Monday, May 23, 2011

There's a good news -- bad news situation going on in Nebraska that prompted me to introduce a bill in the Senate. The good news is, some of our rural communities are growing. The bad news is, there's not always enough housing to accommodate the growing population.

When the population grows above 20,000 rural communities no longer qualify for USDA Rural Development home financing loans.

There are more than 300 rural communities across the country that because of growing populations may no longer qualify for USDA Rural Development loans, including two in Nebraska; Columbus and Norfolk.

Keep Communities Growing

In an effort to make sure these communities can continue to grow and attract new residents who will be able to finance new homes, I've introduced Senate Bill 878,better known as "the Rural Housing Preservation Act of 2011".

This is vital legislation aimed at making sure people in rural Nebraska are able to get USDA home loans. It amends section 520 of the Housing Act of 1949 regarding what areas can be considered rural and thus qualify for the loans.

The bill will extend the current grandfather clause that allows affected communities to have a population over 20,000 and still remain eligible for USDA Rural Development loans. The goal is to help improve the quality of life in towns that are growing but have populations which exceed the federal definition of rural.
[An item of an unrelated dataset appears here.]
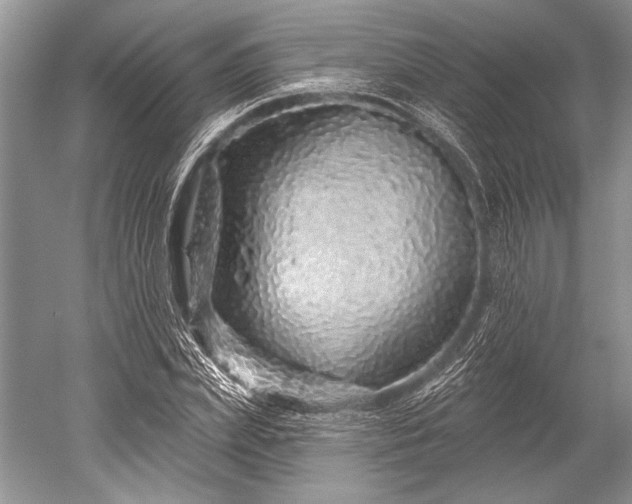 X0000052590831200507081752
A Local -- Federal Partnership

This program is really a partnership between the federal government and a couple of hundred growing rural communities in rural states around the country. And, it doesn't cost the taxpayers any money.
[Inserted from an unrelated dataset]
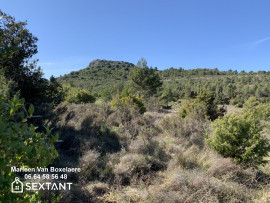 Terrain de loisirs au pied d'une pinède DURBAN CORBIERES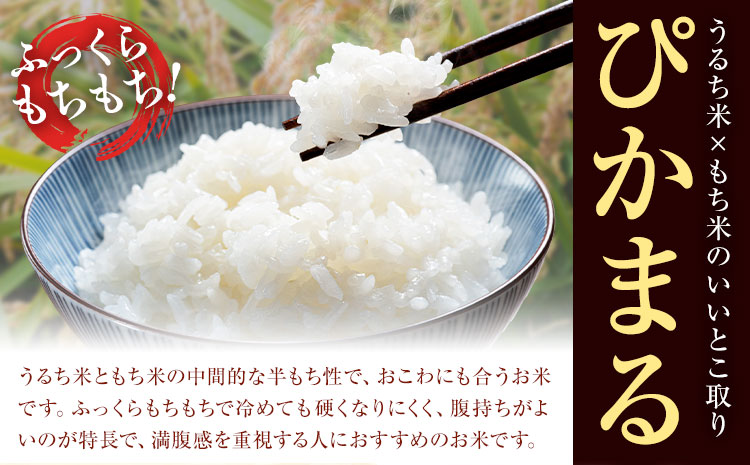 七城のお米 ぴかまる 5kg 真空パッケージ 白米 精米 令和7年産 堀田農場《30日以内に出荷予定(土日祝除く)》お米 熊本県 菊池市 熊本県産 九州産 送料無料---030-2625---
Products offered are mostly loan guarantees. Individuals must meet industry established underwriting guidelines and apply for a loan through their bank. The bank will work with eligible individuals to get them into the USDA RD loan product.

There is no cost anticipated with this legislation. In fact, it actually helps stimulate the economy.

A Job Generating Bill

According to the National Association of Realtors, home sales generate more than 2.5 million private-sector jobs. On average, for every two homes sold a job is created; that's economic development that helps these communities continue to grow.
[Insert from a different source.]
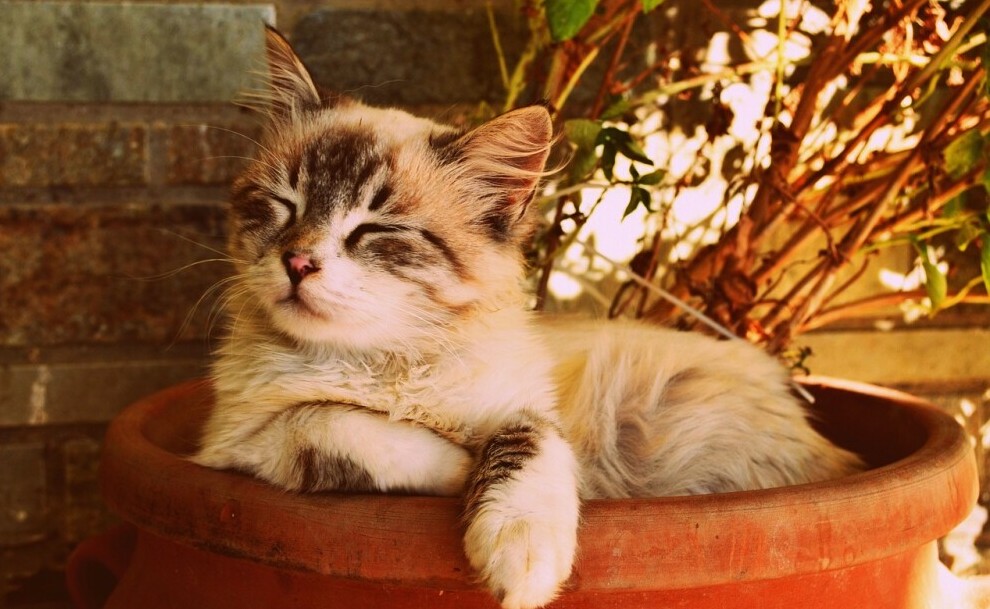 Kitten curled up in a flower pot smiling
Housing Development improves property values and expands the tax base. For example, Bradshaw Place, a housing development in Columbus, had an unimproved land value of $255,000. Following improvements the land value increased to $7,470,000. A number of homeowners in Bradshaw Place were able to finance their homes using a USDA loan product.

The Rural Housing Preservation Act is the right way to go for small towns that have continued to grow and thrive despite a sluggish economy. It helps communities that are known for their strong work ethic and commitment to family, because without this program a lot of people wouldn't have decent affordable housing.